Dataset extract:
>>>
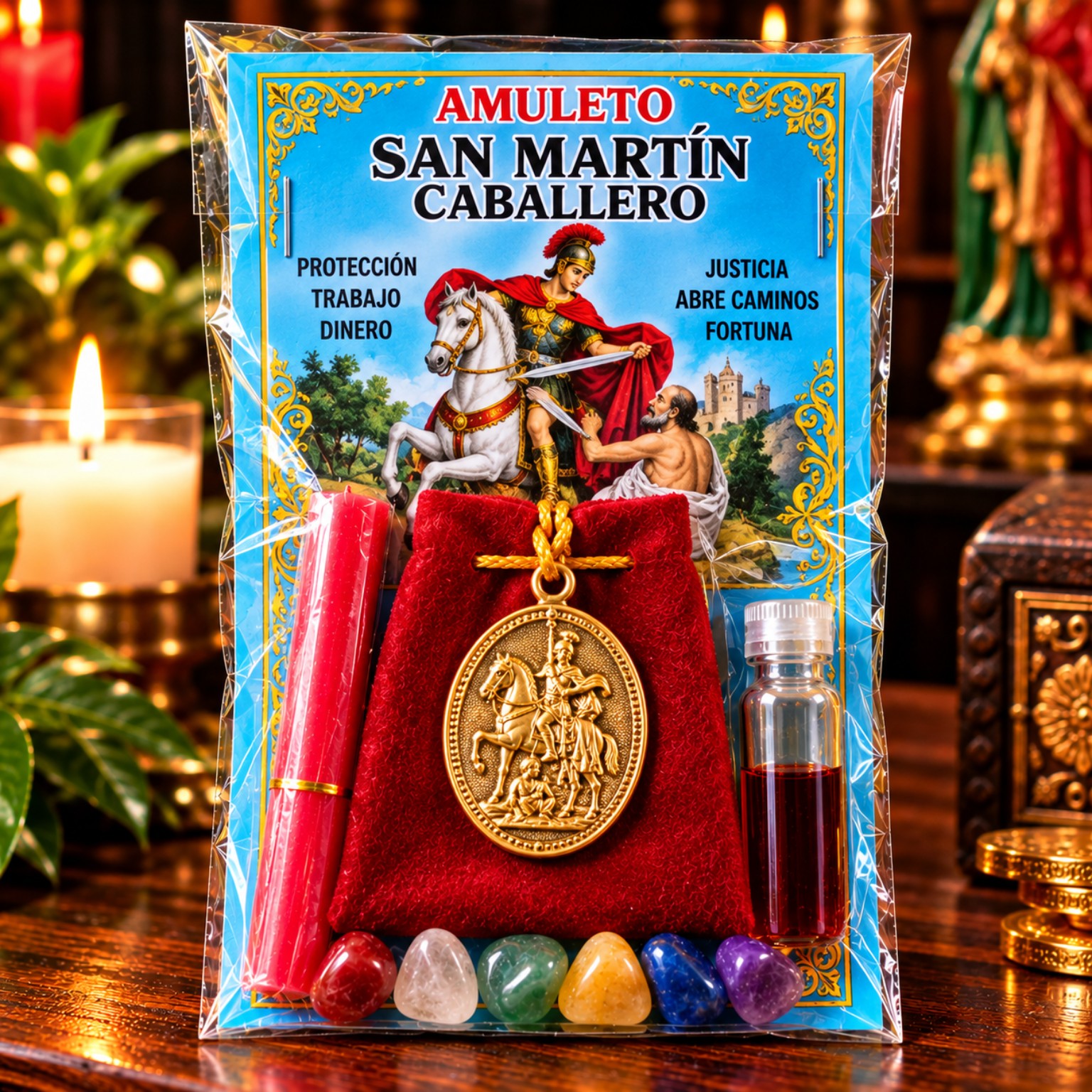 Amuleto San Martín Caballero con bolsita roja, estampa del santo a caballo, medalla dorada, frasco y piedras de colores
<<<
>>>
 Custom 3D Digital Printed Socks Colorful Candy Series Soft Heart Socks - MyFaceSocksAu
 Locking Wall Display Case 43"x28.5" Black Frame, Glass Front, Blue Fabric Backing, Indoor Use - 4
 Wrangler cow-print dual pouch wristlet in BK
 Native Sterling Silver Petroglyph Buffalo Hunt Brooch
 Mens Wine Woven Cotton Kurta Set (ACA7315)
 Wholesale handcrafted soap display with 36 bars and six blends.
<<<
>>>
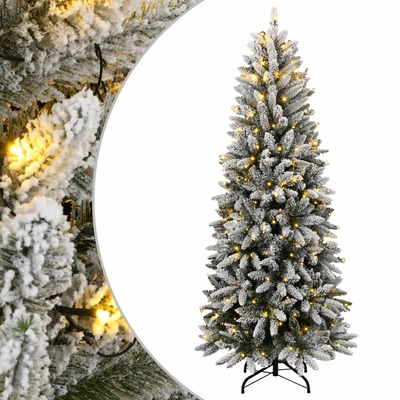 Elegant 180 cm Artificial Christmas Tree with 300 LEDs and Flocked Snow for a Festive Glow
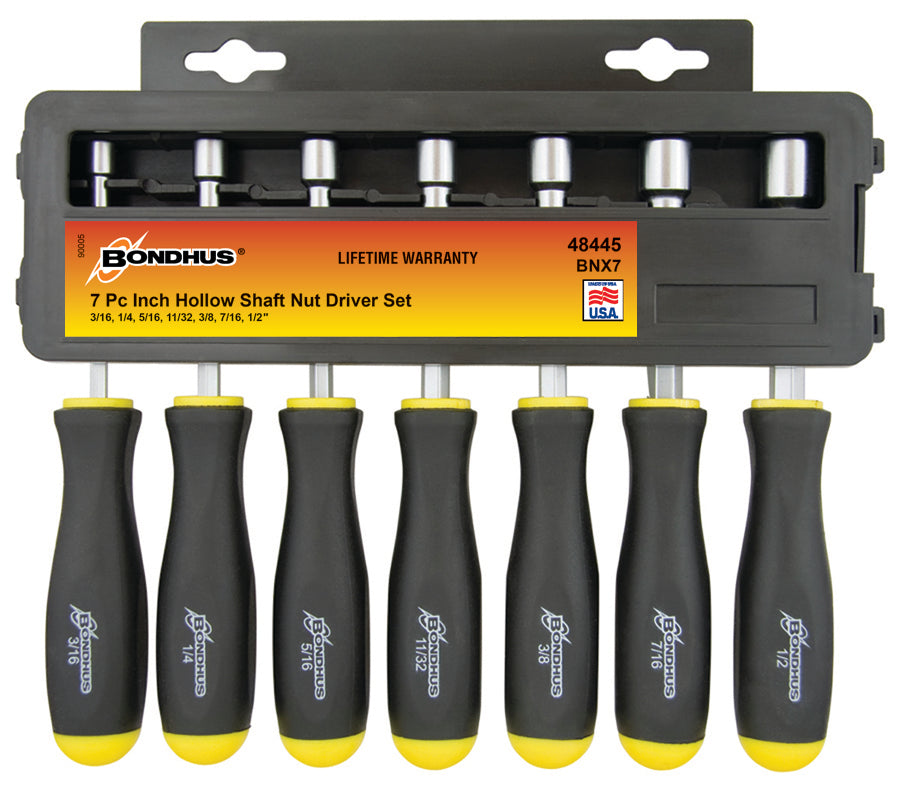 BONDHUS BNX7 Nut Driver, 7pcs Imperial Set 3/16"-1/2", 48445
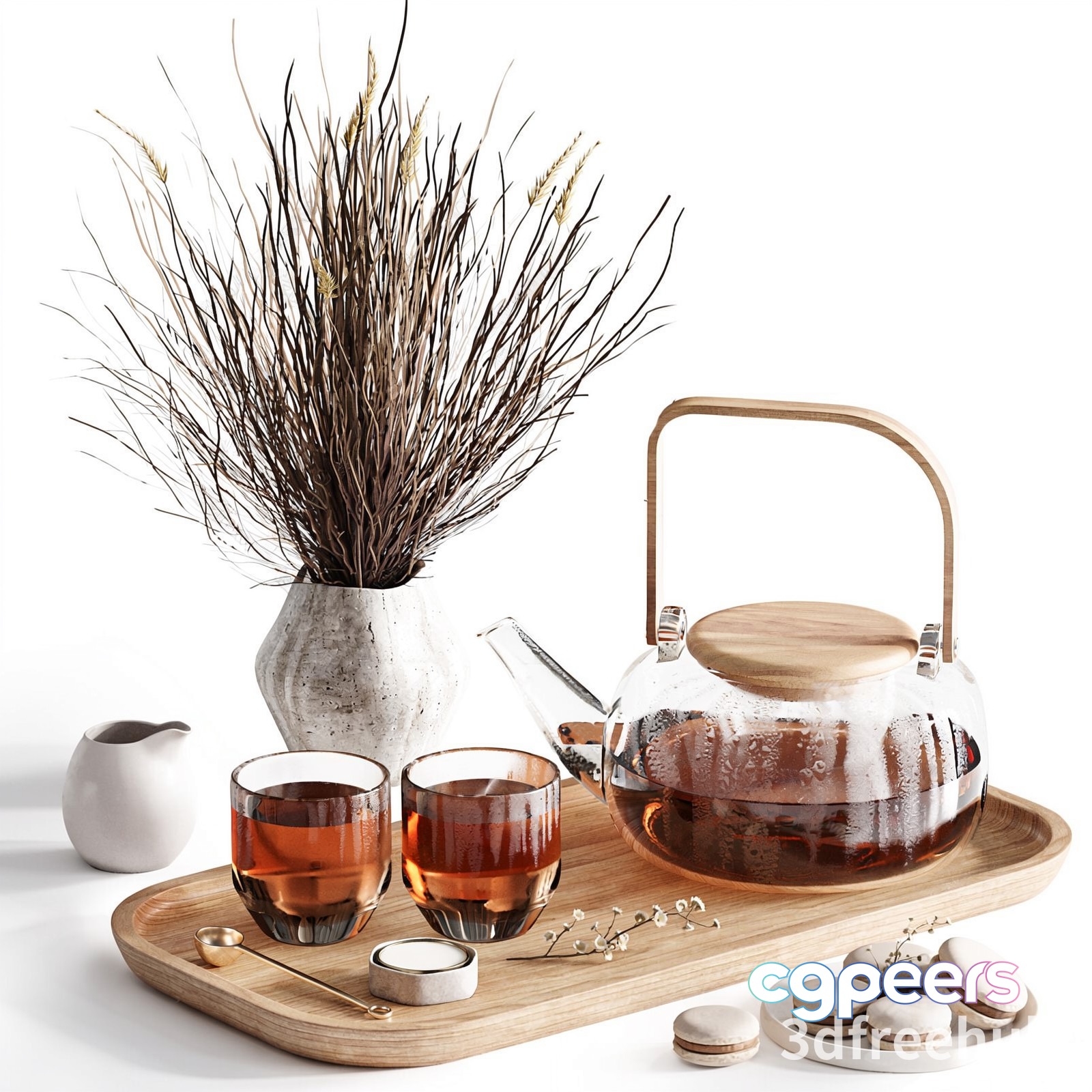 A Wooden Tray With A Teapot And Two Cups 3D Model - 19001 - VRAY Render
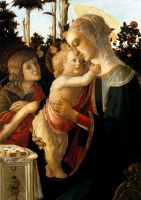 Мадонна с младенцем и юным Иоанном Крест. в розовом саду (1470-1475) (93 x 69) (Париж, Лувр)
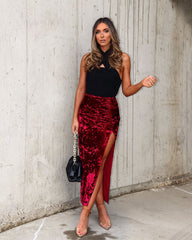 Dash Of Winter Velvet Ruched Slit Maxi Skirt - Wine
<<<
What you have to do: Reproduce the data above exactly, but only from the line containing "BONDHUS BNX7 Nut" through the line containing "Dash Of Winter"; skip the pictures.

Solution to this problem:
 BONDHUS BNX7 Nut Driver, 7pcs Imperial Set 3/16"-1/2", 48445
 A Wooden Tray With A Teapot And Two Cups 3D Model - 19001 - VRAY Render
 Мадонна с младенцем и юным Иоанном Крест. в розовом саду (1470-1475) (93 x 69) (Париж, Лувр)
 Dash Of Winter Velvet Ruched Slit Maxi Skirt - Wine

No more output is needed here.